● **What you are asked to do**
Please restate word for word the lines from the top of the entries through the line that contains "2012 Toyota Corolla L 8", and do not include any pictures.

─── Supplied records ───

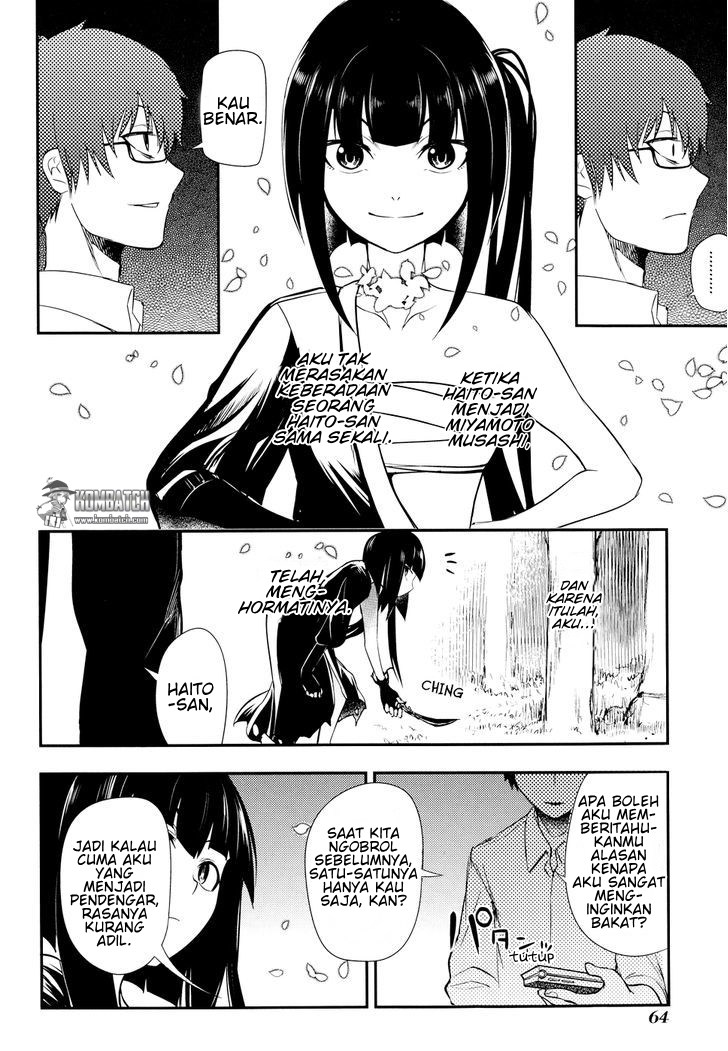 Reincarnation no Kaben Chapter 6 - halaman 31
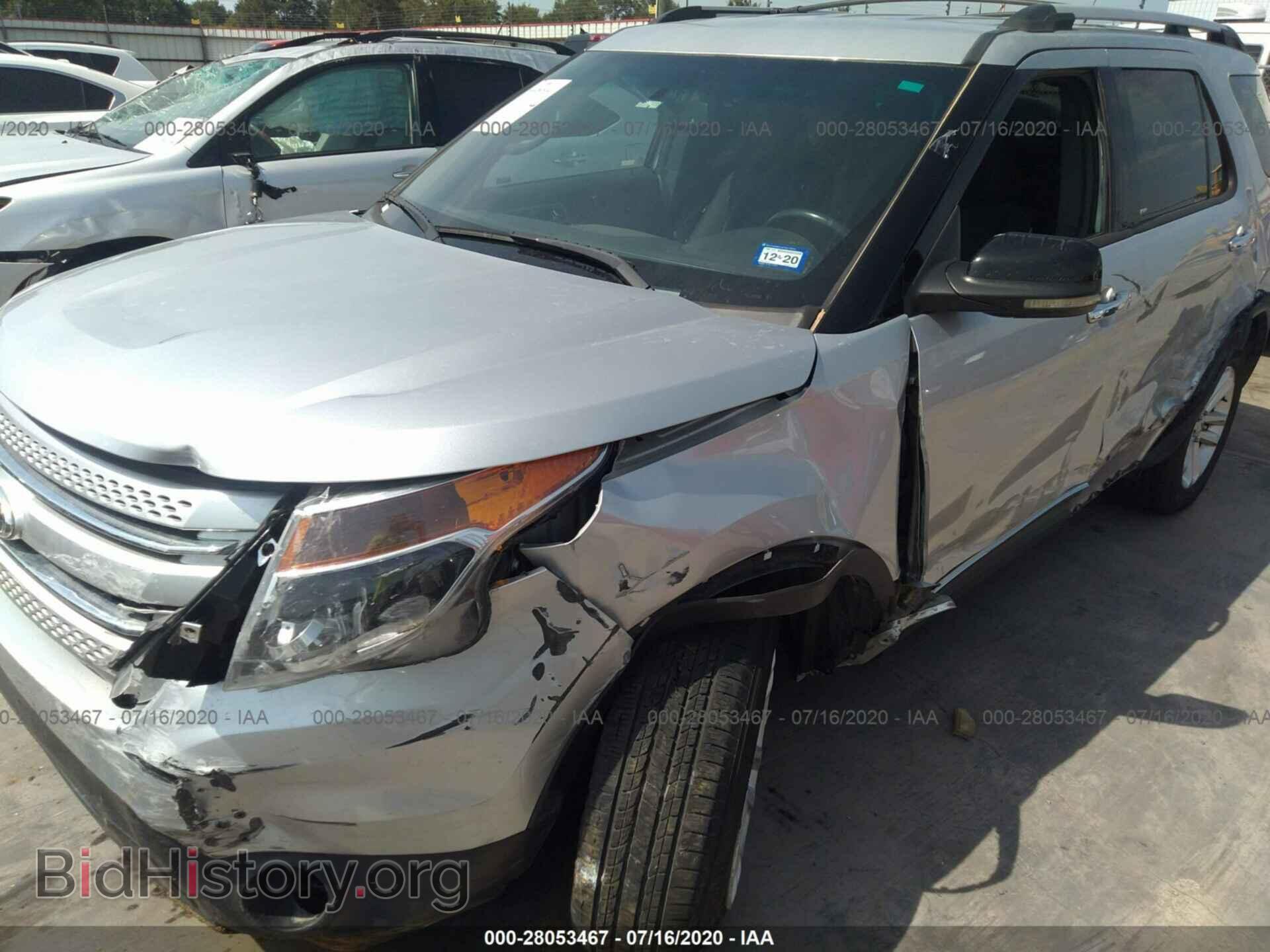 2013 FORD EXPLORER - VIN: 1FM5K8D84DGA79762 - Photo 6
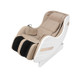 A26 White Full-Body Electric Massage Chair with Integrated Arm Panels and Design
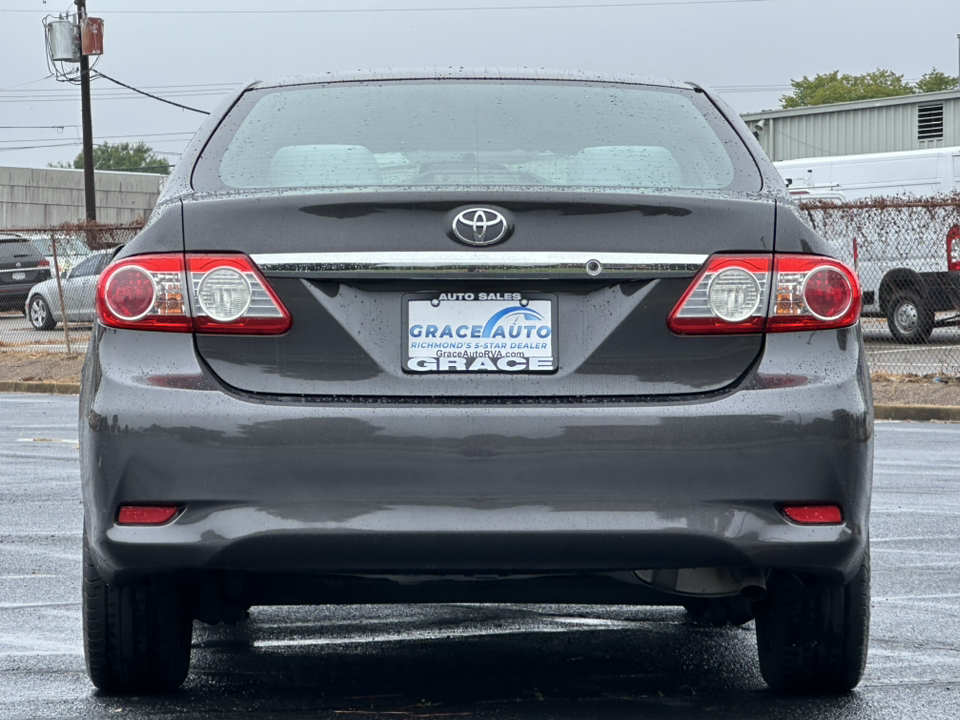 2012 Toyota Corolla L 8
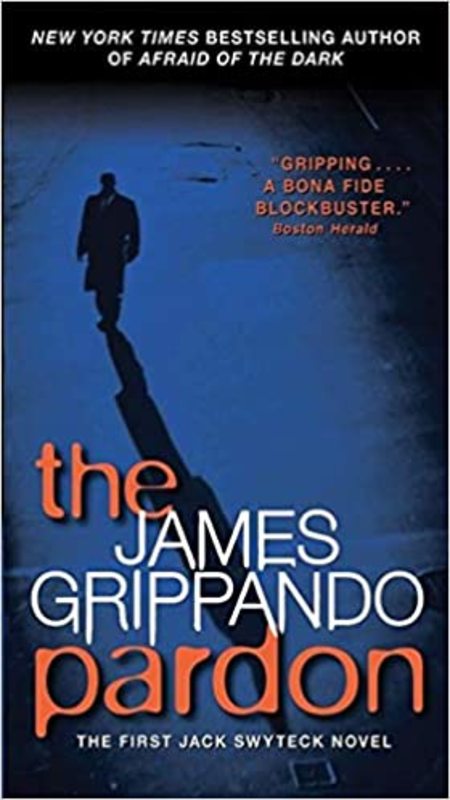 Book cover for "The Pardon" by James Grippando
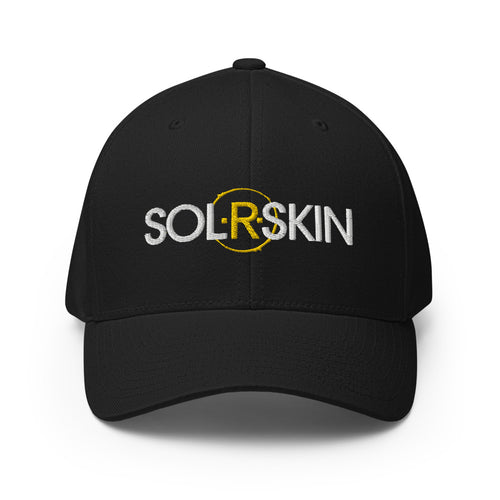 Sol-R-Skin Structured Twill Cap - Duck 'n' Monkey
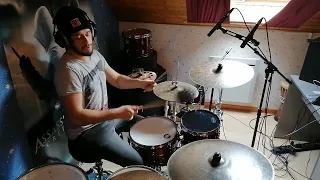 TOTO - Jake To The Bone - (LIVE drum cover by Yohann Sulejmani HITYO) Hard and technical cover !!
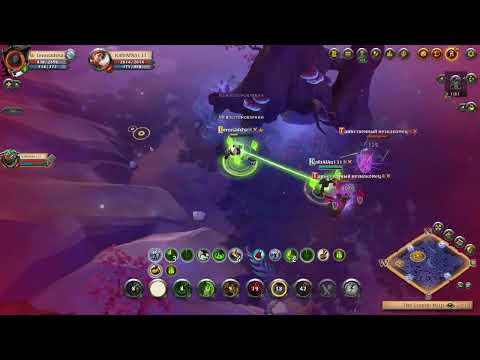 Видео: PvP Мета в мистах посох железного корня #albiononline #albionpvp #mgła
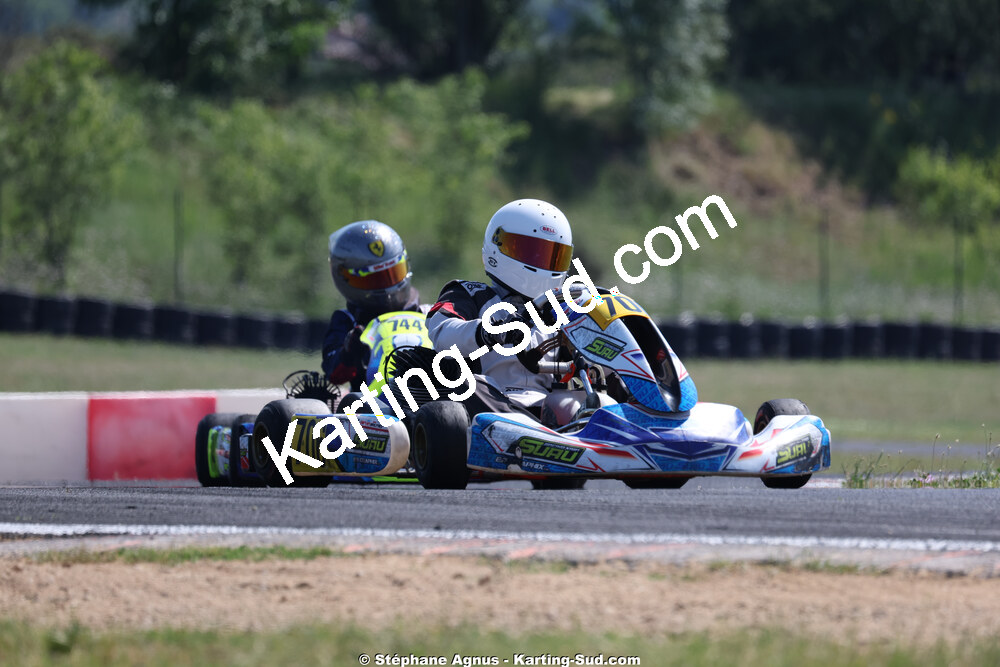 KA100 — 23 & 24/05/2026 : 4ème manche du Championnat du Sud à Ganges (photos Stéphane Agnus) 2026 — karting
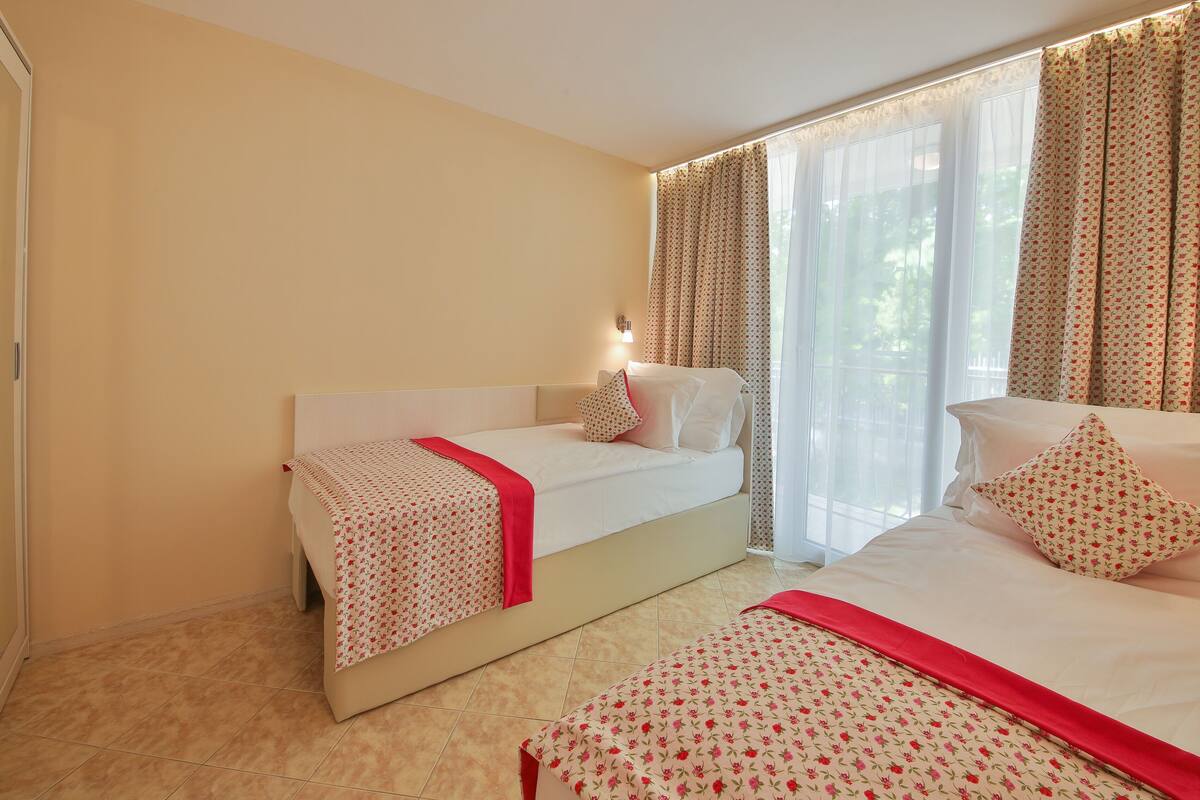 Villa, 2 Bedrooms | Minibar, in-room safe, desk, iron/ironing board
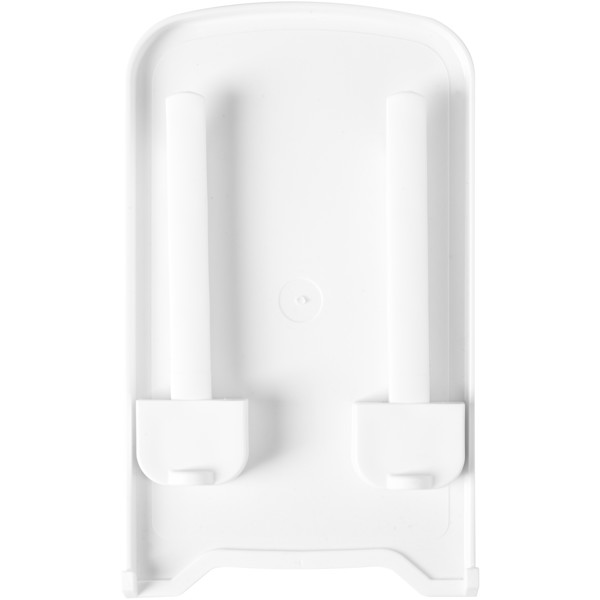 The Dok phone stand - White / White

───

● **Solution**
 Reincarnation no Kaben Chapter 6 - halaman 31
 2013 FORD EXPLORER - VIN: 1FM5K8D84DGA79762 - Photo 6
 A26 White Full-Body Electric Massage Chair with Integrated Arm Panels and Design
 2012 Toyota Corolla L 8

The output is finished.